What a Purchaser Looks for in Acquiring a DME Supplier
Product and Payor Mix
How much of the seller’s business is related to (i) traditional Medicare, (ii) Medicare Advantage, (iii) traditional Medicaid, (iv) Medicaid Managed Care, (v) products that are cash only, (vi) products that require a physician’s order, and (vii) products that do not require a physician’s order?

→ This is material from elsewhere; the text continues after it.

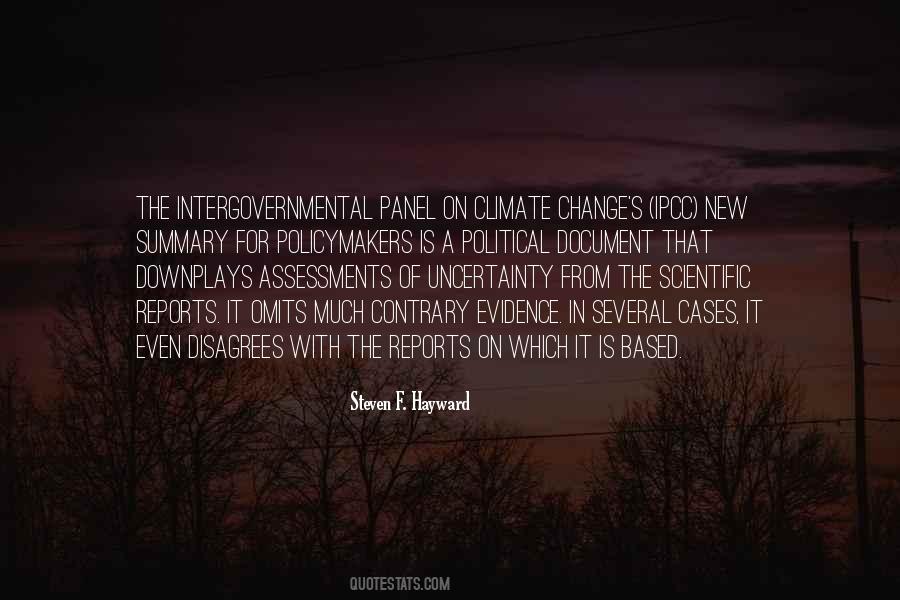 Quotes About The Ipcc #1268630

Provider and Supplier Number Issues
How many physical locations does the selling supplier have? Does the selling supplier have a Part B supplier number (“PTAN”) and a Medicaid provider number for each location?
Competitive Bid Contract
Is the selling supplier a party to a competitive bid contract? If so, what products does the contract cover and how many CBAs does the contract cover?
Is the selling supplier a qualified provider to one or more state Medicaid programs?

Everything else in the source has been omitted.